Esas dos personas, allí, en el extremo del bote. Deaver sentía algo de lástima por ellos. Todavía vivían en la ciudad sumergida, pertenecían a lo que había allá en el fondo, y el no poder ir allí les rompía el corazón. Pero no a Deaver. Su ciudad todavía no estaba construida. Su ciudad era el mañana.
Había conducido un camión de recuperación y había vivido en un almacén por tiempo suficiente.
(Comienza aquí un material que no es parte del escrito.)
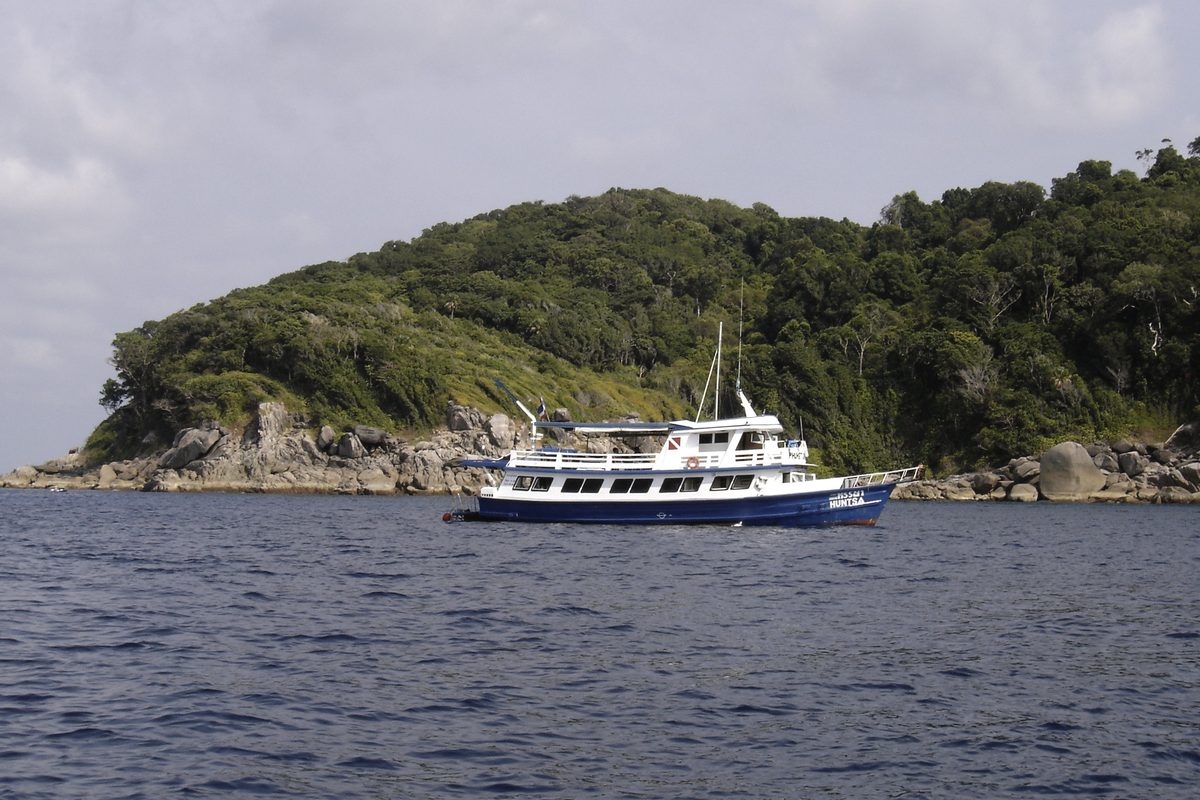 Una barca da immersione davanti ai massi di granito delle isole Similan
Tal vez había llegado el momento de ir al sur, a las Nuevas Tierras. Tal vez tratar de conseguir un pedazo de tierra. Tener algo, plantar en la tierra, tal vez hasta llegaría a pertenecer a ese lugar. En cuanto a éste, bueno, nunca le había pertenecido en realidad, había sido como las casas de adopción y las escuelas a lo largo del camino, solamente una parada más por un año o dos o tres, él lo había sabido. Nunca había hecho amigos allí, pero eso era lo que quería. No hubiera sido correcto hacer amigos porque se habría tenido que ir, y eso los habría desilusionado. No veía nada bueno en hacerle eso a la gente.